Pre-open : 15th December 2023
Open : 6th January 2024
11:00-18:00  closed on tue. wed.

EXHIBITION

5th January - 30th March 2026

in my room 6x6Ryudai Takano

It has been decided that IN MY ROOM, originally published twenty years ago, will be reissued. For this new edition, the in my room 6×6 series—photographed during the same period—will be newly included. This series consists of photographs that were taken as a kind of supplementary practice while I was working on what would later be compiled as In My Room.

At the time, my primary camera was a large-format 4×5 film camera. Its structure was extremely old-fashioned: it was difficult to use handheld, and it did not allow for continuous shooting while looking through the viewfinder. Yet precisely because of these inconveniences, it had the advantage—born of constraint—of being able to capture an extended duration of time within a single frame. I believed in that potential and chose to use it, though its lack of responsiveness when encountering a moment I wanted to photograph was also a source of frustration. Eventually, I began using a somewhat smaller 6×6 camera in parallel.

With increased mobility, a photographer’s sensibility tends to be reflected more directly in the image. At that time, my aim was to fix others onto the photographic surface as “others,” and therefore I was extremely wary of my own sensibility—more precisely, my own emotions—being projected into the image. For this reason, I positioned these photographs as “test shots” intended to explore “other possibilities,” and at the time of shooting I had no intention of making them public.

However, as time passed, I began to sense a certain potential in what appears here: “a record of the time I spent with them” (which is not necessarily a record of them). In 2006, I therefore produced a small number of handmade books using a copy machine. Since then, however, I never revisited the work, and twenty years have passed with it remaining buried.

This will be the first time the prints are exhibited together as a group. Looking again at the photographs from that period, I am newly aware of how differences in method affect the image, while at the same time feeling the strange sense that photographs exist independently of the photographer’s intentions or will.

February 2026
Ryudai Takano


Ryudai Takano

Photographer. Born in Fukui Prefecture in 1963. Since 1994 he has pursued artistic work on the theme of sexuality. He received the Kimura Ihei Award for his photobook IN MY ROOM (2005), which attempted to visualize ambiguities that lie between binary oppositions such as female/male and homosexual/heterosexual.
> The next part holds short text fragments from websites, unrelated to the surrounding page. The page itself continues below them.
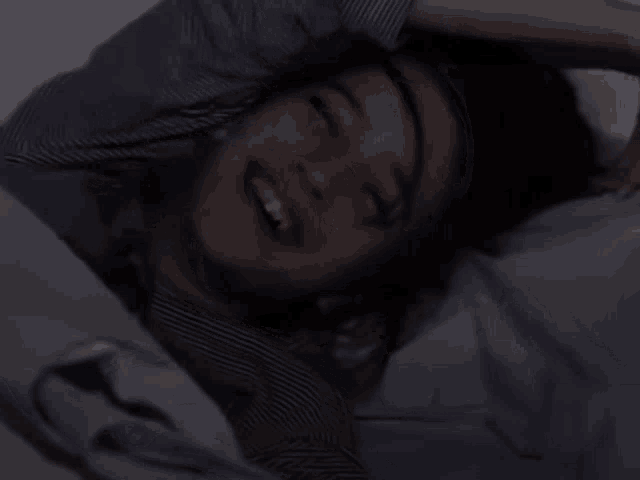 a woman is laying in bed with her eyes closed and her mouth open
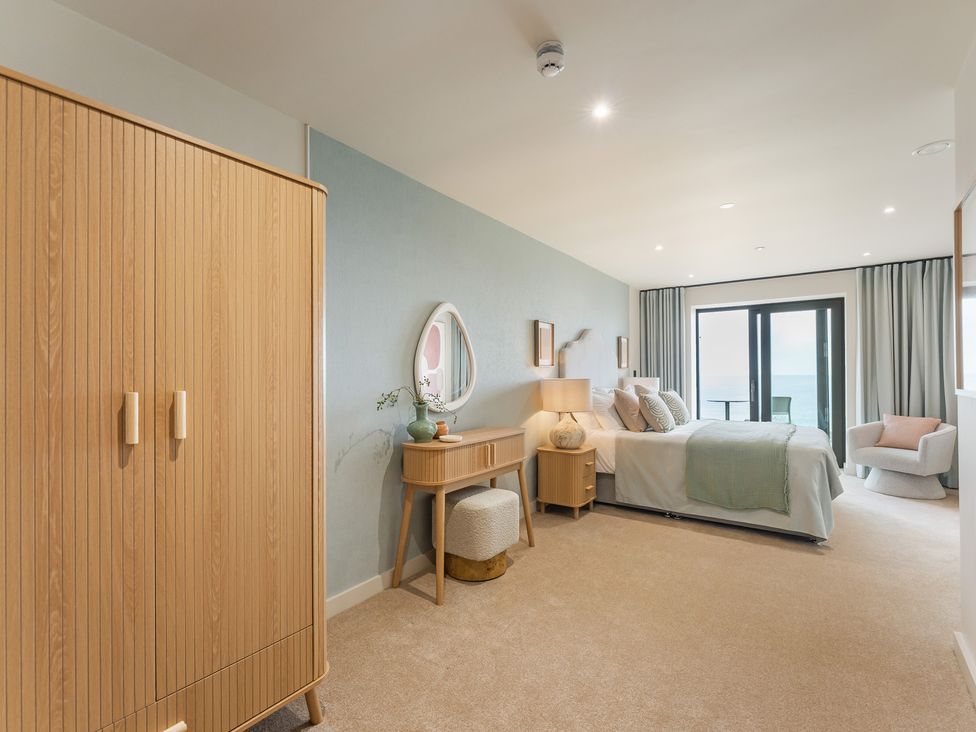 A bedroom with a bed and wardrobe at tbc in St. Ives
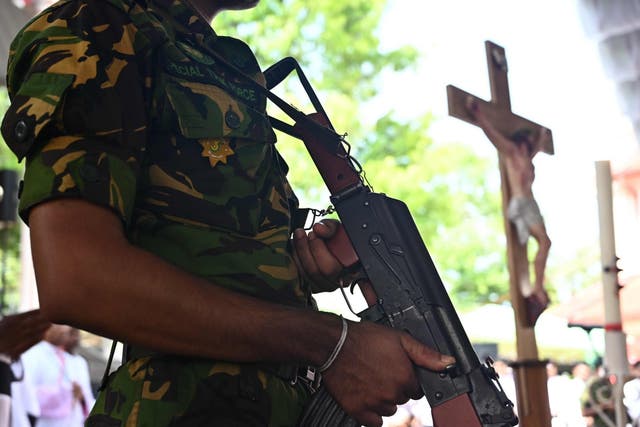 A soldier stands guard near a coffin of a bomb blast victim during a funeral service at St Sebastian's Church in Negombo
Subsequently, he has produced works that examine sexual desire—“a problem of the lower body”—in relation to identity and social norms, including the series How to Ride a Man, which explores the same theme through a pornographic format, and Oretachi (Me and…), in which the unguarded expression of sexuality resulted in police intervention.

Other series include Yokotarau Rough, a collection of bodily images with “no market value,” and Kasubaba, which photographs uniquely Japanese urban spaces that are extremely familiar yet overlooked, both questioning hierarchies of value in visual representation.

Since the Great East Japan Earthquake of 2011, he has engaged in various projects centered on the theme of shadows. In 2021, the National Museum of Art, Osaka held his solo exhibition Ryudai Takano: Daily Photographs 1999–2021. In 2022 he received the Minister of Education, Culture, Sports, Science and Technology’s Art Encouragement Prize (Fine Arts Division, 72nd edition) and the Domestic Photographer Award at the 38th Higashikawa Awards. In 2025, his solo exhibition Ryudai Takano: Kasubaba — To Survive This Ordinary Day was held at the Tokyo Photographic Art Museum as the first exhibition commemorating the museum’s 30th anniversary.